Provincial park in Manitoba, Canada

Hnausa Beach Provincial Park is a provincial park in Manitoba, Canada, on the west shore of Lake Winnipeg north of Gimli, Manitoba. The beach within the park is named after the nearby community of Hnausa. Hnausa is an Old Icelandic word for a piece of turf. This part of Manitoba is known as New Iceland due to the significant Icelandic settlement of the area that began in 1875.

In the first quarter of the twentieth century, railway companies became involved in the promotion of travel by rail to the beaches of Lake Winnipeg. The railway reached Riverton in 1914, opening the area around Hnausa to day travel from Winnipeg.

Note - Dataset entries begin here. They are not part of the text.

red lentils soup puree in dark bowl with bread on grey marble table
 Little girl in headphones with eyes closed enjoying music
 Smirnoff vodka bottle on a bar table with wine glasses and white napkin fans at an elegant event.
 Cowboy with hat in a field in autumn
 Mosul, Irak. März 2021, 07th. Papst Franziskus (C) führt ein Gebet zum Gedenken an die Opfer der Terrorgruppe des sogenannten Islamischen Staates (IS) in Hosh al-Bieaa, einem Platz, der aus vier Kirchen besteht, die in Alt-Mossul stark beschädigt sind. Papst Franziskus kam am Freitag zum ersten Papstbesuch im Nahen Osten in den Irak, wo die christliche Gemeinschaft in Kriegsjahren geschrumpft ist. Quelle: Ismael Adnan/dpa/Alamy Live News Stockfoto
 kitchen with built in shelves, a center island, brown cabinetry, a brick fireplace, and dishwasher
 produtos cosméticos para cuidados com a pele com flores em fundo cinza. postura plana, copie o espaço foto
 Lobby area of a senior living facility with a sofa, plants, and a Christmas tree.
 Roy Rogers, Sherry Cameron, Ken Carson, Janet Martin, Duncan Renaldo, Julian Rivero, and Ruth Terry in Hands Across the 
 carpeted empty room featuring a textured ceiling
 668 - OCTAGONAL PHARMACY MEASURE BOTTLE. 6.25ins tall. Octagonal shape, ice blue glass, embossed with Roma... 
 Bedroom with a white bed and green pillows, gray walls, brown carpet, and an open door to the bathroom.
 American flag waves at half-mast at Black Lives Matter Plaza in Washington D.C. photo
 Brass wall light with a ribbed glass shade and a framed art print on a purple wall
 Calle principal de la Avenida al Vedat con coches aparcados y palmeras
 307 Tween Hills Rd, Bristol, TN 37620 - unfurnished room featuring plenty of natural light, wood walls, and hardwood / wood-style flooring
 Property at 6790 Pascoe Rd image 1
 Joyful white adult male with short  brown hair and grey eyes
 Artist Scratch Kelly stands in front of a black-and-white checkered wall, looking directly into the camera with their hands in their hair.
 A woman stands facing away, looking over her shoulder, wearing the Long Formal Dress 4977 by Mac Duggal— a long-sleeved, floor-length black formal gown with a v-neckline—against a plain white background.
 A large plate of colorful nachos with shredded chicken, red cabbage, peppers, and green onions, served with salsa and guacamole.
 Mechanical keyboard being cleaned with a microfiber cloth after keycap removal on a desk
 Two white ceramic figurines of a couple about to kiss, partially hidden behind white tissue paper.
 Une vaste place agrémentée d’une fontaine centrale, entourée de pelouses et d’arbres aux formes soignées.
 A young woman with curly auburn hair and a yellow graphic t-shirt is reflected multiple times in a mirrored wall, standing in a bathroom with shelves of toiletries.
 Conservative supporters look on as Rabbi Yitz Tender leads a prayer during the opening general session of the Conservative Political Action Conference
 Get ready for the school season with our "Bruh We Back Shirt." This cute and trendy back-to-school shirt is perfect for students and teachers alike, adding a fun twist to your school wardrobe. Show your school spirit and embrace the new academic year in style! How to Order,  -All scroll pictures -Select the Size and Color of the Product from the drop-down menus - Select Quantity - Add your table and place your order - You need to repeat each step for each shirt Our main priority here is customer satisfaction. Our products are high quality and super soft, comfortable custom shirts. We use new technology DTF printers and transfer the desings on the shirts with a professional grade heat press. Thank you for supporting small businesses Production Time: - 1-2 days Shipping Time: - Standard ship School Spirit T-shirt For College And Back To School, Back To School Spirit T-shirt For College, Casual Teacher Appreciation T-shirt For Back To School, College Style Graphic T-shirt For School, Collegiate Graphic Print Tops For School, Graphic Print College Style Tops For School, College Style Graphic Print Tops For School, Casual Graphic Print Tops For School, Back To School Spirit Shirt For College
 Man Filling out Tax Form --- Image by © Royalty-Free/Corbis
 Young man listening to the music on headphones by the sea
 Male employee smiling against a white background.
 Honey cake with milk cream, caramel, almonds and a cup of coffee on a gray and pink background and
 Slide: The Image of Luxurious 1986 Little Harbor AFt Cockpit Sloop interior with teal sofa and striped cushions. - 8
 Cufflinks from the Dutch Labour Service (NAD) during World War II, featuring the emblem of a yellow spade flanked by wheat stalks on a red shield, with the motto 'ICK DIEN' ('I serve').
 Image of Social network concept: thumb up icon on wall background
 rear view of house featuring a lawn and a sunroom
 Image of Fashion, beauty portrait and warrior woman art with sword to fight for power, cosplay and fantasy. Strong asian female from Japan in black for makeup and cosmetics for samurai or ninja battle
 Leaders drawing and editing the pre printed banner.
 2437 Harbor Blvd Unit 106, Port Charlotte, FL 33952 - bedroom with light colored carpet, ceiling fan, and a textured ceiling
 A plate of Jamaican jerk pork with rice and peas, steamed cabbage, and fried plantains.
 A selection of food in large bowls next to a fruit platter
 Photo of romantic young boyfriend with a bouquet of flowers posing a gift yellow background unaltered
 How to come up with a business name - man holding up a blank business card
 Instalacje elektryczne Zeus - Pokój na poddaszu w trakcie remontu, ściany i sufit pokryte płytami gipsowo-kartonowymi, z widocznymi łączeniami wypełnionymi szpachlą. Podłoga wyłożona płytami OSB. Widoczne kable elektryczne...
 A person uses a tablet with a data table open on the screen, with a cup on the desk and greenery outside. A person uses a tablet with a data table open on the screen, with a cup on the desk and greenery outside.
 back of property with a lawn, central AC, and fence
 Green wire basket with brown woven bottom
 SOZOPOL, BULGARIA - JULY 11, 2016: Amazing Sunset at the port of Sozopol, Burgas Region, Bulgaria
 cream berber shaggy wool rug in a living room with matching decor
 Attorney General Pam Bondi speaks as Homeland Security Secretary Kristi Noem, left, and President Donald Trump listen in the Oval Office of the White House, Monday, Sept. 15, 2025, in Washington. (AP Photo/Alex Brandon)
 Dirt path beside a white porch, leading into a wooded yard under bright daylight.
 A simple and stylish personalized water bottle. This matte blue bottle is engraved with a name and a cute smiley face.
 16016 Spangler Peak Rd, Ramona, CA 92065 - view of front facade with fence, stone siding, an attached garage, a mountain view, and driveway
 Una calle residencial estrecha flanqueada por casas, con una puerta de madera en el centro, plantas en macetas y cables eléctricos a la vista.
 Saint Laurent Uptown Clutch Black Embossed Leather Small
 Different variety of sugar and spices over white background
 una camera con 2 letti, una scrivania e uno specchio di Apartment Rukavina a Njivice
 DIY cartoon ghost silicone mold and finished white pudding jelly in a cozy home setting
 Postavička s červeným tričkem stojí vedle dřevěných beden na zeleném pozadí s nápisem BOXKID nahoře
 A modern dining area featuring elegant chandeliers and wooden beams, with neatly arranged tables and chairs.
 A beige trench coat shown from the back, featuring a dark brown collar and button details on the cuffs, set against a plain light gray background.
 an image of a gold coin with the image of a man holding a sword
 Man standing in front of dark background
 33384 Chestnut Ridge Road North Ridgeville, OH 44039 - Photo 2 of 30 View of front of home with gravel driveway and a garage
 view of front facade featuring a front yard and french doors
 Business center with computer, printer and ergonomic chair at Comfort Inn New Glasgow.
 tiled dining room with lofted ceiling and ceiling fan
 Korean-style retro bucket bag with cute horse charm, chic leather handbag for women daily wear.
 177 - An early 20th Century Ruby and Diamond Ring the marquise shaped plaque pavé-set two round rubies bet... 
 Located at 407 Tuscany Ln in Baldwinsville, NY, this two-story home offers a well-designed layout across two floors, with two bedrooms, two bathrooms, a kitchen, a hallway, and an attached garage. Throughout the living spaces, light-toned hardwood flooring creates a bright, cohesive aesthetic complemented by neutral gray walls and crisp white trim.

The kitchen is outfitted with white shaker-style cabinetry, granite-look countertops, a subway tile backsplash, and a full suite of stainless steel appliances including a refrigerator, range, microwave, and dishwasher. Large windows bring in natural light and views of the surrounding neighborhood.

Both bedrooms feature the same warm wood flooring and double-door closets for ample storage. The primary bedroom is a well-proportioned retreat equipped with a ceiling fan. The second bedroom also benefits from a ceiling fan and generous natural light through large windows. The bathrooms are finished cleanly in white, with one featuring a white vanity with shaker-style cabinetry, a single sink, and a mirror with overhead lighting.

The Rural Municipality of Bifrost purchased the land on which the current park stands to be a community park in 1930. The Hnausa portion of the Manitoba Icelandic festival was held at the park before Gimli became the sole location of the festival activities. Ownership of the land was passed to the province in 1959 and it was declared a provincial park in 1961. It is 10 ha in size.

The park is located within the Gimli ecodistrict of the Interlake Plain ecoregion part of the Boreal Plains ecozone.